Os banheiros individuais são espaço de uma sonhada liberdade. Os que comportam mais gente produzem relações ambíguas e corporativas. Homens falam de forma mais decidida e máscula no banheiro, talvez como reação ao ambiente de exposição do corpo. Desde o colégio, fantasiávamos o que as meninas faziam no banheiro. Acho que o jogo permanece.

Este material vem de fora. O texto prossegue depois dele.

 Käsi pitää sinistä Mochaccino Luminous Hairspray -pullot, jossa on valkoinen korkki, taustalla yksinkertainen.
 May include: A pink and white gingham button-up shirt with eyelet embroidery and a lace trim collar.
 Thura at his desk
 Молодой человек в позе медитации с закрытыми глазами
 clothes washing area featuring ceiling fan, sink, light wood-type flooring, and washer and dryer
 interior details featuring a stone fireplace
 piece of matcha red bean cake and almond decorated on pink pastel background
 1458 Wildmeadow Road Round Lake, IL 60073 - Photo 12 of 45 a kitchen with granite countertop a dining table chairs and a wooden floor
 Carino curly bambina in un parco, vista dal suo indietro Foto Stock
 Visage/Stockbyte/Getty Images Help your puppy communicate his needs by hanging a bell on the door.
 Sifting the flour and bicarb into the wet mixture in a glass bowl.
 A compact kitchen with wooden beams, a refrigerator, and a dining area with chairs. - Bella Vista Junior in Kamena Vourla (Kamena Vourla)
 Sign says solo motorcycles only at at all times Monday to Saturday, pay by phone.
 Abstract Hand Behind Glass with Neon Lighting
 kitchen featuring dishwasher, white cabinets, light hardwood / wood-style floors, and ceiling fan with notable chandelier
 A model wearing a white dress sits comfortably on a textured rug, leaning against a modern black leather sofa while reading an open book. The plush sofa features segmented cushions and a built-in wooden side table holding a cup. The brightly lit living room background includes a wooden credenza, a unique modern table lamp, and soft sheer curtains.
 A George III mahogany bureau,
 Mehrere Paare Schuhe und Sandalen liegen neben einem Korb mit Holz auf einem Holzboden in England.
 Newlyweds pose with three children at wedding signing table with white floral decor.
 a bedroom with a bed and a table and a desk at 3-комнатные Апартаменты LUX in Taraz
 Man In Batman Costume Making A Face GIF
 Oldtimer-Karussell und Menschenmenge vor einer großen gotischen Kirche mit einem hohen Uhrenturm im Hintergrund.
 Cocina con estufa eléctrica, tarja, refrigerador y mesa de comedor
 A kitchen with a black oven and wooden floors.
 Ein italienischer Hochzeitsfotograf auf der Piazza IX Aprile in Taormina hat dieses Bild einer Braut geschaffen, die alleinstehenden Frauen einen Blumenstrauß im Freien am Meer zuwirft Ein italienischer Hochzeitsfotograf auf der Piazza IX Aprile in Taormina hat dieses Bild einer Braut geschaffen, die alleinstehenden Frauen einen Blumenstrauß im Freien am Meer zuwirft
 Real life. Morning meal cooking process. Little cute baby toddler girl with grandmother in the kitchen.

Assim, passados séculos de transformações sociais e de identidades de gênero, preste um pouco mais de atenção nas gramáticas que antecedem ao simples uso do sanitário. A arte usou banheiros. O debate de gênero ilustra portas. O que é masculino e feminino e quais os limites da intimidade estão fora e dentro dos espaços sanitários. Gosta da ideia? Abomina? Acha que é o fim do mundo? Sem problema. O que eu peço a libertários e conservadores, esquerda e direita, anarquistas e monarquistas é o mesmo: lavem bem a mão depois de usar o banheiro. Contaminações não respeitam barreiras. É preciso ter esperança... e mãos limpas colaboram para a ética e para evitar doenças.